2-Dealing with administrative leave of absence, the reclusive may challenge in the face of the
Court of Enforcement of the Penas the legality of the decision to revocation.
3-Dealing with leave of administrative leave, the Director communicates the revocation to the
Prosecutor's Office to the Court of Enforcement of the Penas, for the purposes set out in the
point ( h) of Article 141 para.
4-A the withdrawal of the exit permit determines the discount, by the Court of Enforcement of the
Feathers, in the fulfillment of the penalty, of the time when the reclusive was at liberty.

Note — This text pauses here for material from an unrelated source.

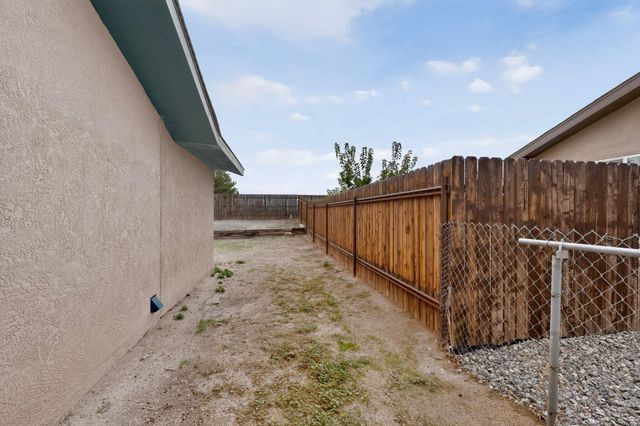 824 GALLAHAD Street SW, Los Lunas, NM 87031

5-When revoking the leave of absence, the entity that has granted it determines the fixation of a
term, between six and twelve months from the return to the prison establishment, during the
which the reclusive cannot submit new request.
Title XII
Order, security and discipline
Chapter I
General principles
Article 86.
Purposes
1-A order and discipline in the prison establishment are maintained as a condition
indispensable for the realization of the purposes of the execution of the penalties and deprivative measures
of freedom and in the interest of an organized and secure common life.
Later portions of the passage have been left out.